Launch of exiting £2.5m rivers scheme in Stafford

Launch of exiting £2.5m rivers scheme in Stafford

Colin Hayes.

Staffordshire Wildlife Trust is excited to announce the launch of a £2.5 million scheme in Stafford that will alleviate flooding around rivers in the area as well as encourage a range of wildlife such as otters and lapwing. Improving public connections to nature is also a large part of the scheme by upgrading access to sites and creating more green spaces for families to enjoy.

The scheme has been given a boost thanks to a £150,000 donation from Highways England which will fund an environmental feasibility study that is already under way to develop, plan and cost a five-year plan for the exciting Stafford Brooks Project.

In partnership with Staffordshire Wildlife Trust, Highways England, Stafford Borough Council and the Environment Agency the project will make vast improvements to habitats surrounding the Sow and Penk Rivers. 25 sites will be identified which can be improved for biodiversity, flood mitigation and water quality. Action will then be taken to help join up some sites so habitats are more resilient and wildlife less isolated.

The scheme that will restore and create new habitats across sites including Doxey Marshes, Kingsmead Marsh and Radford Meadows supports the launch of the Trusts recent appeal, 30 by 30 which aims to have 30% of the county put aside for nature’s recovery by 2030.

Stafford Brooks

Credit: Victoria Bunter 

Restored sites could become home to a variety of wildlife including otter, wading birds such as lapwing and snipe and a range of amphibians as well as them acting as a key contributor in mitigating the effects of flooding.

We are incredibly excited to have an opportunity to link and restore a range of sites across Stafford to improve biodiversity, water quality, flood mitigation and access as part of forming a nature recovery network for the town
Senior Conservation Manager for Staffordshire Wildlife Trust, David Cadman

Highways England spokesperson Peter Smith said:

“We are delighted to be part of this project which will enrich the town environmentally, bringing more wildlife and biodiversity around the rivers for families to enjoy as well as addressing issues with flooding.

“Highways England is very grateful to the people of Stafford for their understanding while we are carrying out the upgrade of the M6 between junctions 13 and 15. In addition to the benefits of the motorway upgrade, we are giving something back to the community with projects like Stafford Brooks, the benefits of which would be enjoyed for generations.

“It is a very worthwhile scheme and we look forward to helping deliver the results of the study.”

Borough Council cabinet member for Economic Development and Planning, Frances Beatty, said:

“This is fantastic news and a great example of how we are working alongside key partners to bring a very beneficial environmental scheme to fruition. It will see the enhancement and restoration of Kingsmead Marsh, supporting a variety of flora and fauna, including local rare plants such as purple loosestrife and brown sedge.

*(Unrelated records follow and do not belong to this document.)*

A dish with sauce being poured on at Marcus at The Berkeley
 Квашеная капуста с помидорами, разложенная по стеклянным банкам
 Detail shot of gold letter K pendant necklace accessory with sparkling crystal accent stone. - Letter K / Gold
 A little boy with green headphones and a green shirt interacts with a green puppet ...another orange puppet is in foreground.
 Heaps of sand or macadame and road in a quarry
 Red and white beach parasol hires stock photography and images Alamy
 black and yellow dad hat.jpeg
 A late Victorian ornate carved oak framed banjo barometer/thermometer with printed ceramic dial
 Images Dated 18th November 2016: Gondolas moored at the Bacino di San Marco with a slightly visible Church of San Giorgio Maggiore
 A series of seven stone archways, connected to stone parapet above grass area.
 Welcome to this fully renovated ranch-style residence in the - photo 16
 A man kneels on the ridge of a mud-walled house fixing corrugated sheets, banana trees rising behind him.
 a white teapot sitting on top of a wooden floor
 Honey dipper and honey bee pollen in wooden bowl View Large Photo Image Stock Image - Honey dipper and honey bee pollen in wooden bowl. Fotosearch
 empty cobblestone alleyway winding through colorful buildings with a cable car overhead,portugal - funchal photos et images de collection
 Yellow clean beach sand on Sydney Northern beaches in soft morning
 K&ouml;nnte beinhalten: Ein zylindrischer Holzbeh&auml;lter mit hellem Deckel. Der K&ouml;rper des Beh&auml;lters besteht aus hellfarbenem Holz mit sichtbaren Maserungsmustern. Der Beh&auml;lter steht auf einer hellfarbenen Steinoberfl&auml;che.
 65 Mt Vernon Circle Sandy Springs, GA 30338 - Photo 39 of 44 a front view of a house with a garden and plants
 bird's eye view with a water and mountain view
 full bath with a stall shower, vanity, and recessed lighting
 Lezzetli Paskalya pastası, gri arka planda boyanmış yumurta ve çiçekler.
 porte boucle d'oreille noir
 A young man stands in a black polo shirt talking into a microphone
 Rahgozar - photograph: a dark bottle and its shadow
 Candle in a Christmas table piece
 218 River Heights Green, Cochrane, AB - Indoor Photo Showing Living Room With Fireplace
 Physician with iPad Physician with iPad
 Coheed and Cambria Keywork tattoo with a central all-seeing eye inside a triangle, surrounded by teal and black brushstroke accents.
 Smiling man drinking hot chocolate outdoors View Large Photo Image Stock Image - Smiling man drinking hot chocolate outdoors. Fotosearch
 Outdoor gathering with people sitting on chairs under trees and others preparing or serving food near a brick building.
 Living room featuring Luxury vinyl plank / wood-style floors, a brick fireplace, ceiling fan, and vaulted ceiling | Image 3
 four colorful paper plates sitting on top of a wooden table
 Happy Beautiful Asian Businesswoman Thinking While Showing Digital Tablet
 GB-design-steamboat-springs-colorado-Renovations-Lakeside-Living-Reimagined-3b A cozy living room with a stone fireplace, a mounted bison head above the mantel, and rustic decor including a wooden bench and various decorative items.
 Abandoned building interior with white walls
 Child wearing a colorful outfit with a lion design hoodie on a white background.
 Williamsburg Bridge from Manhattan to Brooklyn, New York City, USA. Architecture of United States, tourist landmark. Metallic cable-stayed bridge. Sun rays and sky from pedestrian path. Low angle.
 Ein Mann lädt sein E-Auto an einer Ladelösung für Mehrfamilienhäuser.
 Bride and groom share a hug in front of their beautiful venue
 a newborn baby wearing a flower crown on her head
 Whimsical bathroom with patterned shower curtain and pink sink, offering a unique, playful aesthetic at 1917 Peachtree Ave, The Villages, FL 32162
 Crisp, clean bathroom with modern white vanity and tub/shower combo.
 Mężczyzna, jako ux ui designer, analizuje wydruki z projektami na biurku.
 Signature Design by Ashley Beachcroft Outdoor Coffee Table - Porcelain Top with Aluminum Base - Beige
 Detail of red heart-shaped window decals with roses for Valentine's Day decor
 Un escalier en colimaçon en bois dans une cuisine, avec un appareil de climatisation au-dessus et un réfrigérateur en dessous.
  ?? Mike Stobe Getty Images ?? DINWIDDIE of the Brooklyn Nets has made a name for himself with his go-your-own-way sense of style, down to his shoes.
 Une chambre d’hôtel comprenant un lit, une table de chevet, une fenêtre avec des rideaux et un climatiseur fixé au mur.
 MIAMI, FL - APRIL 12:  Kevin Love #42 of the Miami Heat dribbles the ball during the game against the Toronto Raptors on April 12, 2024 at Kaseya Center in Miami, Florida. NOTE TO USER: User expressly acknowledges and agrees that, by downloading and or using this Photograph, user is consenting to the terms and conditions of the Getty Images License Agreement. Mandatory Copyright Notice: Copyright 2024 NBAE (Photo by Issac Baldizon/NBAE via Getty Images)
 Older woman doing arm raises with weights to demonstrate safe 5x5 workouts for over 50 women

“Our green spaces have great potential and by working on them collectively we can create a green recovery for the town that benefits people and wildlife for now and the future. One of the council’s top priorities is Climate Change and we have recently approved a Climate Change and Green Recovery Strategy – and this work will support our aims within the plan.”

Madeleine Gardner, Catchment Coordinator at the Environment Agency said:

“It’s great to be a part of this exciting project. Urban rivers and streams are a vital habitat for wildlife and the restoration of them can significantly improve river ecology and water quality.

“This project will not only help to improve the River Sow and its tributaries but also support the health and wellbeing of local residents by providing better access to their rivers and green spaces. It will take us another step further towards delivering the 25 Year Environment Plan’s vision of ensuring that our rivers become places where wildlife can thrive.”

The grant for the study has come from the Highways England Designated Environment Fund which aims to ensure the road network works more harmoniously with its surroundings to deliver an improved environment. This includes creating new or enhancing existing habitats.